[Python-ideas] while conditional in list comprehension ??

[Steven D'Aprano]

On 30/01/13 02:44, Wolfgang Maier wrote:

> list(i for i in range(100) if i<50 or stop())
> Really (!) nice (and 2x as fast as using itertools.takewhile())!

I think you are mistaken about the speed. The itertools iterators are highly
optimized and do all their work in fast C code. If you are seeing takewhile
as slow, you are probably doing something wrong: untrustworthy timing code,
misinterpreting what you are seeing, or some other error.


Here's a comparison done the naive or obvious way. Copy and paste it into an
interactive Python session:


from itertools import takewhile
from timeit import Timer

def stop(): raise StopIteration

setup = 'from __main__ import stop, takewhile'

t1 = Timer('list(i for i in xrange(1000) if i < 50 or stop())', setup)
t2 = Timer('[i for i in takewhile(lambda x: x < 50, xrange(1000))]', setup)

min(t1.repeat(number=100000, repeat=5))
min(t2.repeat(number=100000, repeat=5))


On my computer, t1 is about 1.5 times faster than t2. But this is misleading,
because it's not takewhile that is slow. I am feeding something slow into
takewhile.

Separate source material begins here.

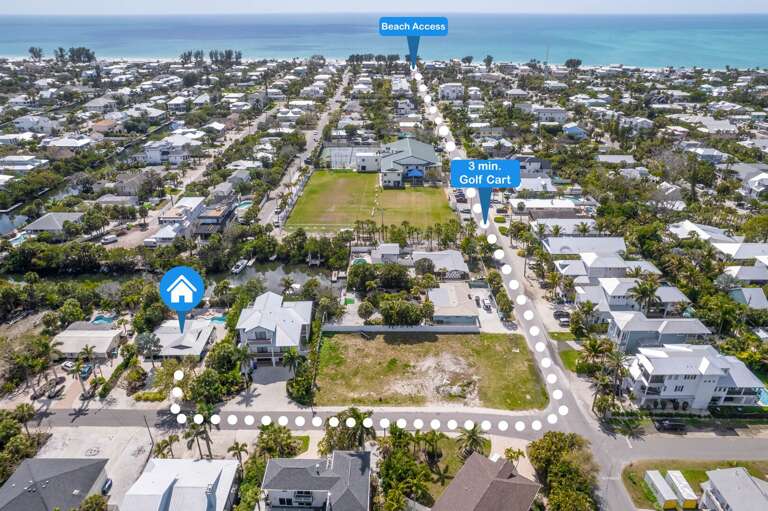 3 Min Golf Cart Ride to Beach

If I really need to run as fast as possible, I can optimize the
function call inside takewhile:


from operator import lt
from functools import partial

small_enough = partial(lt, 50)
setup2 = 'from __main__ import takewhile, small_enough'

t3 = Timer('[i for i in takewhile(small_enough, xrange(1000))]', setup2)

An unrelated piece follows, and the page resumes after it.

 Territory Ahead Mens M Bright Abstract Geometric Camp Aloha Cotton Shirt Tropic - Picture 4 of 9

min(t3.repeat(number=100000, repeat=5))


On my computer, t3 is nearly 13 times faster than t1, and 19 times faster
than t2. Here are the actual times I get, using Python 2.7:


py> min(t1.repeat(number=100000, repeat=5))  # using the StopIteration hack
1.2609241008758545
py> min(t2.repeat(number=100000, repeat=5))  # takewhile and lambda
1.85182785987854
py> min(t3.repeat(number=100000, repeat=5))  # optimized version
0.09847092628479004



-- 
Steven